A test can tell me what my student has learned. The first section of this article has dealt with the extent to which a test can measure a student’s learning, and the issues involved in improving its efficacy. It can tell me what my student has learned, provided it is valid and reliable. These two crucial qualities of a good test are all too rarely examined in children’s academic tests, at least in India. I sincerely believe that it is a waste of a great deal of energy preparing students for an examination that one does not feel comfortable with. Either we in India should make efforts to change the nature of the examinations (toward which efforts are being made in some boards), or reduce the extreme emphasis on their results.

A test can tell the student what she does and does not know. True, but if the only feedback the students get from a test is a number, it cannot tell them much about what they do and do not know. Classroom tests that the teacher sets and corrects, giving necessary feedback, are more useful in this regard than the performance in the end-of-year examinations that is used to make decisions about whether the student can proceed to the next level or not.

At a broader level, the results of examinations are used to make decisions regarding admissions. This is called ‘high stakes testing’, and the way we make decisions about a student’s future is questionable, to say the least. This is especially true in our country, where distinctions are made on the basis of a fraction of a percentage point. Test scores are simply not reliable enough to make such fine distinctions. There are other, more broad based ways to select candidates for an institution: these naturally require a greater investment of time, energy and imagination. It is so much easier to just use the number cut-offs, and anyway it appears as though institutions have bought into the notion that the numbers reflect ‘real’ abilities and ‘real’ differences.

At an even broader level, testing makes schools and teachers accountable, and can evaluate the educational system that is in place.
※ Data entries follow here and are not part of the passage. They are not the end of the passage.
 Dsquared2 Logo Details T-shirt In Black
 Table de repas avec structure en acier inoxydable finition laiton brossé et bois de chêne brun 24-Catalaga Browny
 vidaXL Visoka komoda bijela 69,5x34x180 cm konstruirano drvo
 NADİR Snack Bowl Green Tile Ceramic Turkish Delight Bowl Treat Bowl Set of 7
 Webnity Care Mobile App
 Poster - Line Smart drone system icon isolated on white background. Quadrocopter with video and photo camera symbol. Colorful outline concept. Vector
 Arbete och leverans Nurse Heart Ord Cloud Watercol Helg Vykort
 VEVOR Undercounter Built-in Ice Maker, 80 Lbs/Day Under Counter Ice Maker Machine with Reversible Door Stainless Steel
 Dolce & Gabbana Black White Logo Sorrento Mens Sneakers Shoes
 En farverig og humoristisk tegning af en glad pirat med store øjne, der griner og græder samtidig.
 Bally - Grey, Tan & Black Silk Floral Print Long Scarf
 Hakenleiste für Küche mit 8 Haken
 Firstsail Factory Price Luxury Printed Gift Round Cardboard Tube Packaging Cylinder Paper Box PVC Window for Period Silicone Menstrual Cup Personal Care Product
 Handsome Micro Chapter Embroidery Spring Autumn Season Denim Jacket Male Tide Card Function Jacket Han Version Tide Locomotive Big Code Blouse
But as an almost inevitable corollary, we fall into the trap of ‘teaching to the test’, and tests finally begin to shape our curricula. This insidious gravitational process trickles down right to preschool entrance examinations! Now schools that produce ‘rankers’ are considered to be good schools (although most of the time these ranks are maintained by ‘weeding out’ academically weaker students right from Class 9. ). But a recent survey reported in India Today (27 November 2006) indicates that all is not well with our educational system, in terms of our students’ reasoning and creative problem solving abilities. This conclusion was reached after constructing new kinds of questions and administering them to students from ‘good schools’, and finding that too many children could not answer them correctly. Whether one accepts the findings of the survey or not, it is valuable to re-examine periodically the tests and examinations we have come to put so much faith in.

What about those unfortunate side-effects of testing: comparison and competition? It is true that human beings have a ‘natural’ (a word I dislike using casually, but cannot elaborate on now) tendency to want to measure themselves, compare themselves with others, and try to outdo each other. Yet nothing latches onto that tendency and makes as much of it as the whole testing movement. Of course, by amplifying our need for one-upmanship and our fear of being left behind, tests motivate us to work harder than we otherwise might! At the end of the process, it could be argued that we will accomplish more than we otherwise might have. That is, some people will argue that testing and the whole carrot-and-stick approach that it has been reduced to, has yielded higher overall achievement and helped humans reach higher levels of excellence. I have yet to be convinced that: a) this is the truth and, b) that this achievement is worth the cost. Again, achievement is defined rather narrowly, in accordance with the goals of business and industry. As David Orr says so succinctly, ‘The relationship between education and decent behaviour of any sort is not exactly straightforward.’